Scene 2. Senator Charles Potter’s office
Timothy is hired as a speechwriter for Senator Charles Potter. Timothy meets Tommy McIntyre, who gives him unsolicited advice about Washington politics.
Scene 3. Hawkins’s office
Timothy stops by to drop off a thank-you gift. He meets Hawkins’s assistant and best friend Mary, and his secretary Miss Lightfoot, who mocks Timothy after he leaves.
Scene 4. Timothy’s apartment
Timothy is at home cooking soup and writing his sister a letter when Hawkins unexpectedly stops by to tell him about the delights of Bermuda, among other things.
Scene 5. St. Peter’s Church
In the afterglow of last night’s encounter with Hawkins, Timothy is torn between his deep Catholicism and his blossoming passion.
Scene 6. The Hotel Washington
At a Christmas party, Timothy is approached by an Army general about enlisting; Mary warns Hawkins about his reckless behavior with Timothy; McIntyre tells Potter about McCarthy’s latest political troubles; Miss Lightfoot overhears an intimate exchange between Hawkins and Timothy.
Scene 7. Interrogation Room M304
An interrogator puts Hawkins through a series of humiliating tests in an attempt to determine whether or not he is a homosexual.
Scene 8. Timothy’s apartment
Timothy and Hawkins discuss the interrogation, McCarthy, and Hawkins’s illicit amusements in New York City.
Scene 9. McCarthy’s office
Senator Potter warns McCarthy that the “Adams Chronology,” which details how Roy Cohn and McCarthy pressured the Army to give Cohn’s friend David Schine special treatment, will be McCarthy’s downfall unless he gives up Cohn.

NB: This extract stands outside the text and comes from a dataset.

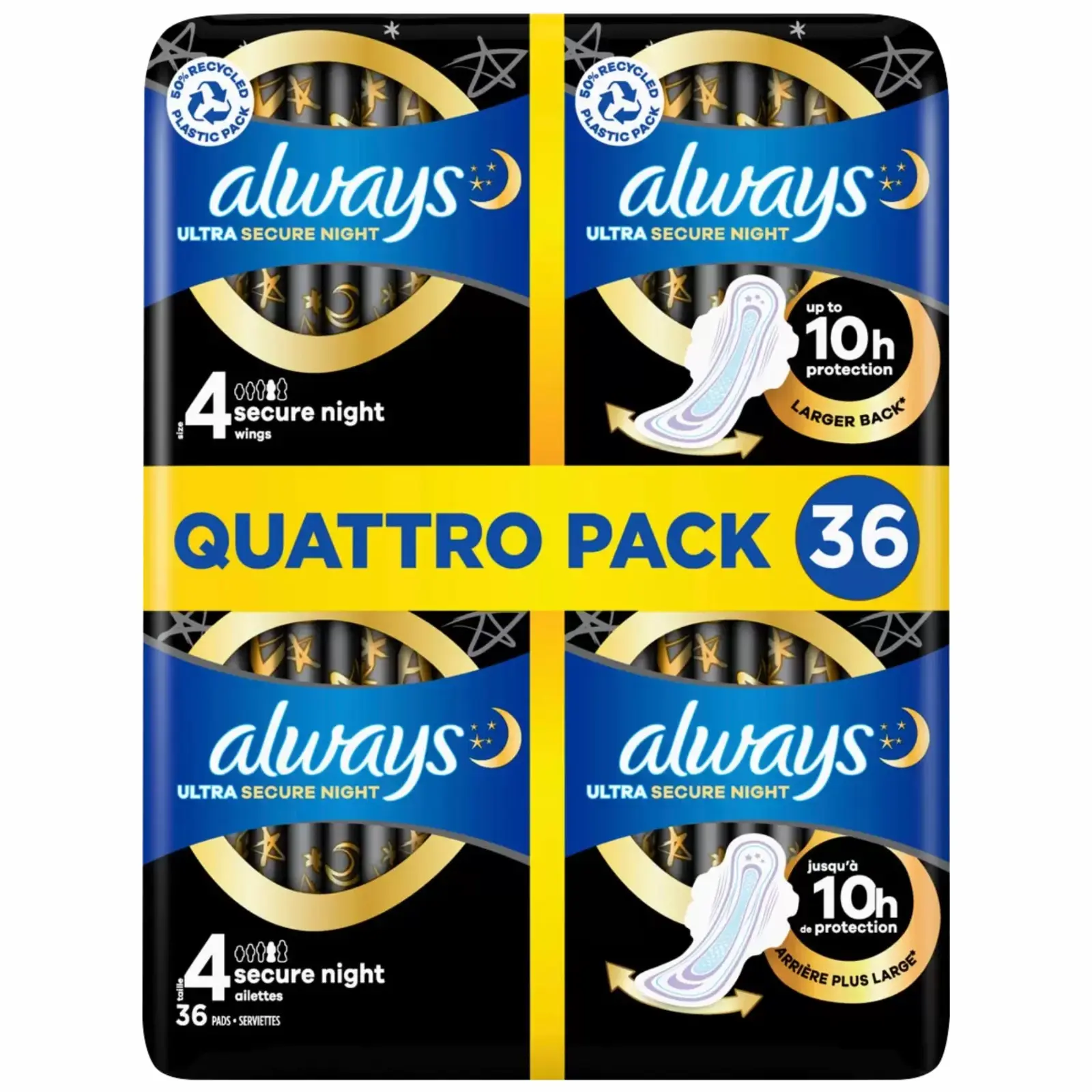 Always Ultra Night Quattro Pack with 10-Hour Protection-Soft & Breathable-Super Absorbent with Odourlock & Leak Guard Technology-36 Pads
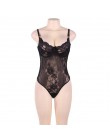 Comeonlover Glamour fiszbiny Hollywood Sheer Lace biały czarny Sexy Plus rozmiar pajacyki Bodysuite Sexy kobiety body RI80536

Intermission
PART TWO
Scene 10. Mary’s kitchen/Timothy’s apartment
Mary invites Timothy over to warn him of Hawkins’s fickle nature. She tells Timothy she is pregnant from a one-night stand. In Timothy’s apartment, Hawkins rejoices that he’s been cleared of allegations of homosexuality. Timothy is shocked by how Hawkins wants to celebrate.
Scene 11. Roof of the Old Post Office
Timothy, in agony over his fraught relationship, tells Hawkins he’s decided to enlist in the Army.
Scene 12. Hawkins’s office
Mary tells Hawkins she is quitting, as she can no longer work in an atmosphere of panic and persecution.
Scene 13. Timothy in France/Hawkins in Chevy Chase
Three years pass. Timothy writes letters to Hawkins and Mary from France, where he is stationed. Hawkins is now married to a woman named Lucy, with a house in the suburbs, but would clearly like to rekindle his relationship with Timothy upon his return.
Scene 14. Brick House
In a house in D.C. that Hawkins has rented for his afternoon flings with Timothy, Hawkins expresses that he cannot be everything Timothy wants. Hawkins resolves to end the affair himself.
Scene 15. Mary’s kitchen/Brick House/ Room M304
Mary is packing when Hawkins stops by, distraught. He confesses that in order to push Timothy away, he has given Timothy’s name to those investigating alleged homosexuals. He asks Mary to tell Timothy about this betrayal in hopes it will make Timothy hate him.
Scene 16. Park in Dupont Circle
His dreams dashed, Timothy decides to leave Washington, D.C., and Hawkins Fuller for good. Both heartbroken, they say goodbye.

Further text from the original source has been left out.